Stored data =>
:::::
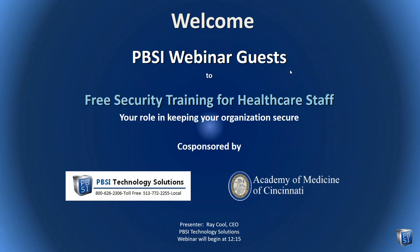I'd like to welcome everyone who's joined for today's webinar. We're going to talk about security training for healthcare staff — what's important for every member of a healthcare organization to learn. This webinar is sponsored by the Academy of Medicine of Cincinnati. Thank you to all of you for your partnership with the Academy, and to others whom the Academy has graciously agreed to extend invitation for this free webinar.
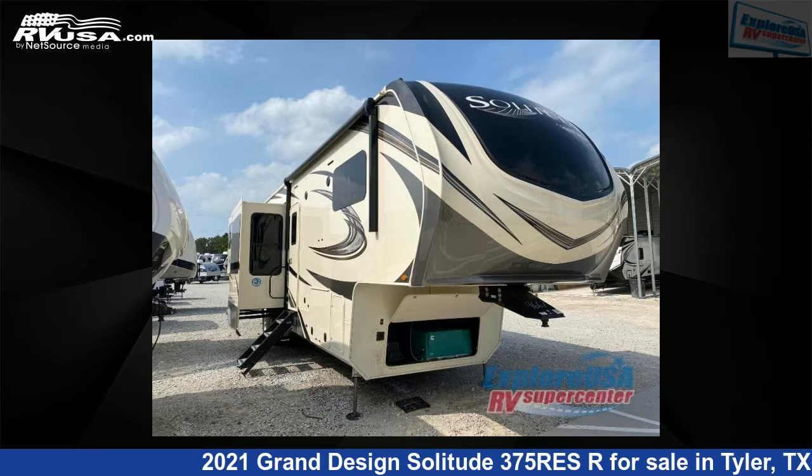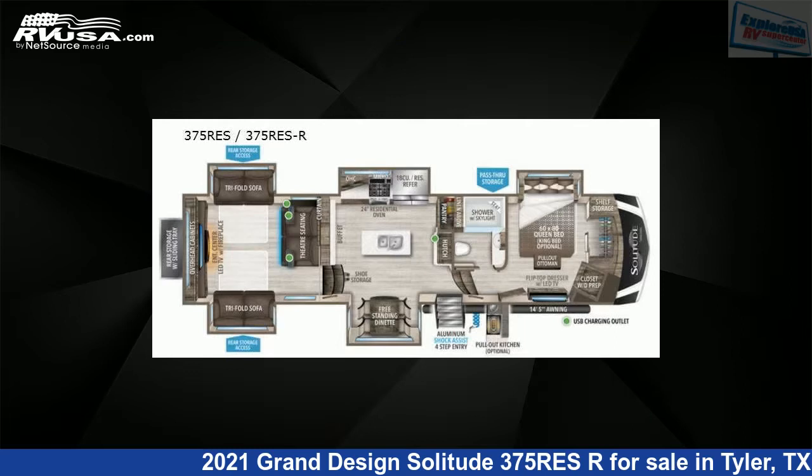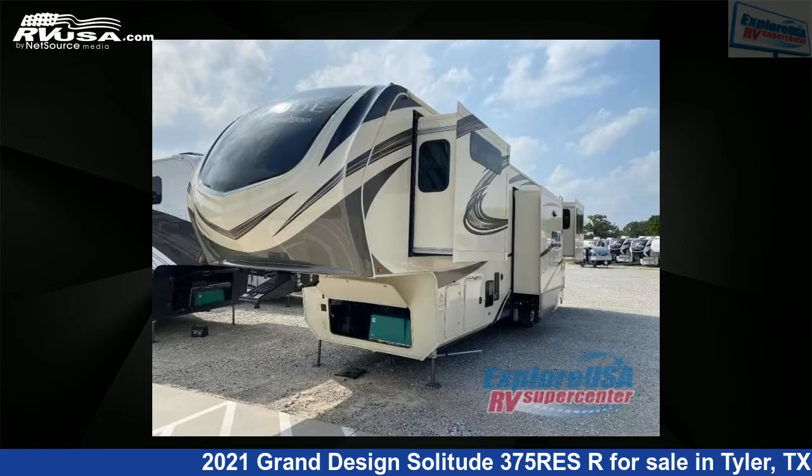This 2021 Grand Design Solitude 375R ESR is a fifth-wheel RV. It is located in Tyler, Texas, 75706 and is offered for sale by Explore USA RV Supercenter, Tyler, TX.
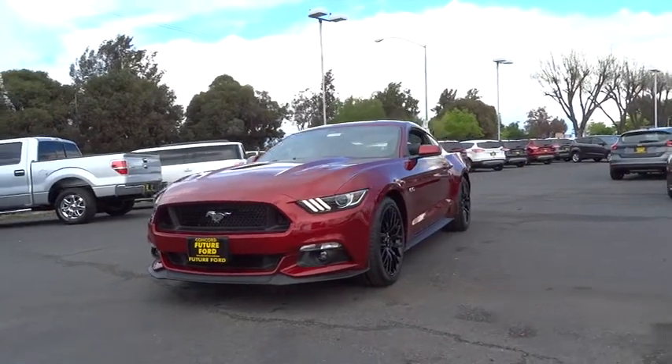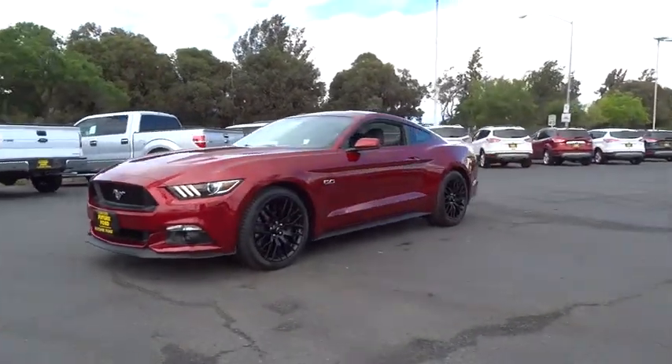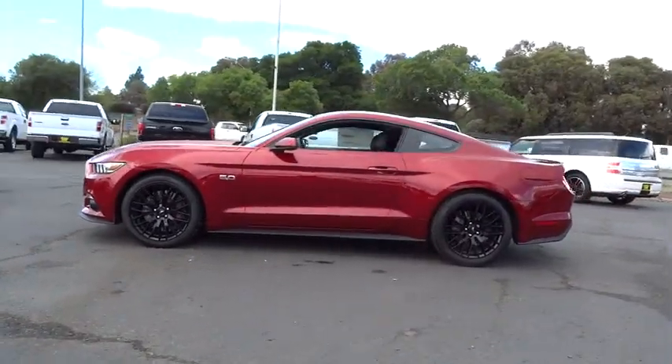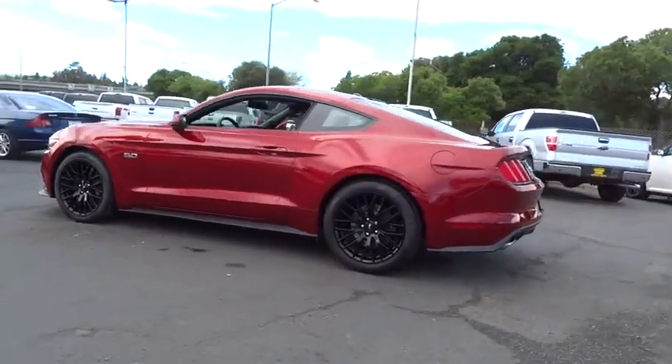The 2015 Mustang. The Mustang is race-worthy and ready for the track, and is priced below $45,000. Here are some of this vehicle's great options.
:::::
What you will do =>
Make an exact copy of all the material, but keep the pictures out of it.

Response to this exercise =>
I'd like to welcome everyone who's joined for today's webinar. We're going to talk about security training for healthcare staff — what's important for every member of a healthcare organization to learn. This webinar is sponsored by the Academy of Medicine of Cincinnati. Thank you to all of you for your partnership with the Academy, and to others whom the Academy has graciously agreed to extend invitation for this free webinar.
This 2021 Grand Design Solitude 375R ESR is a fifth-wheel RV. It is located in Tyler, Texas, 75706 and is offered for sale by Explore USA RV Supercenter, Tyler, TX.
The 2015 Mustang. The Mustang is race-worthy and ready for the track, and is priced below $45,000. Here are some of this vehicle's great options.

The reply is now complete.